Au-delà de la question de l’avenir du Burkina Faso une fois le départ de la force Sabre acté, il y a la question de la raison du départ de ces troupes. “Pour beaucoup de gens, il y a une forme d’incompréhension liée au fait que l’armée française, qui est présentée comme toute puissante, a été incapable de battre des groupes djihadistes qui sont considérés, souvent à tort, comme ayant peu de moyens n’ayant pas une stratégie développée”, détaille Rémi Carayol. Cette incompréhension vient ensuite nourrir “ facilement des théories complotistes qui font que la France, qui est censée combattre les djihadistes est perçue par certains comme étant l’alliée des djihadistes.”
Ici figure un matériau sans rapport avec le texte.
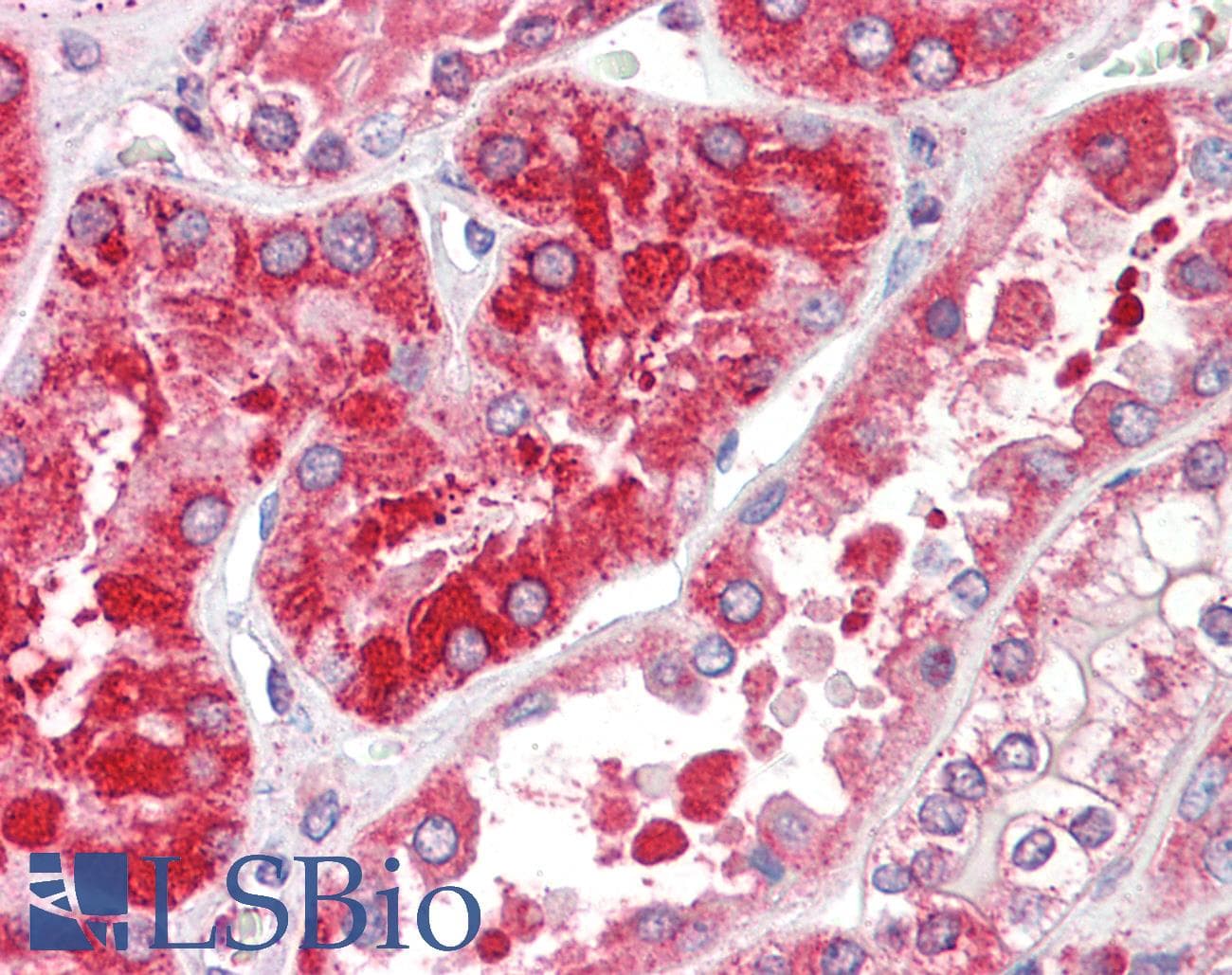 IHC-plus™ Ferritin Antibody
“On est dans un contexte sous-régional où le populisme a le vent en poupe, poursuit Jérôme Pigné. Plutôt que d’essayer très trivialement de balayer devant sa porte, on met cela sur le dos d’un bouc émissaire, qui est la France.” Selon le chercheur, “le contexte sécuritaire, poussé par des forces obscures, accompagne l’élan en cours et place la France comme responsable de tous les maux au Sahel et plus généralement en Afrique.”
Dans ce cas, pourquoi l’armée française restait au Burkina Faso si elle n’était pas en mesure de venir à bout des djihadistes ? “ Il y a tout un tas d’explications possibles,mais je n’ai pas les éléments qui me permettent de dire pour quelle raison précise les autorités burkinabè ont décidé de demander le départ des troupes françaises”, conclut Rémi Carayol.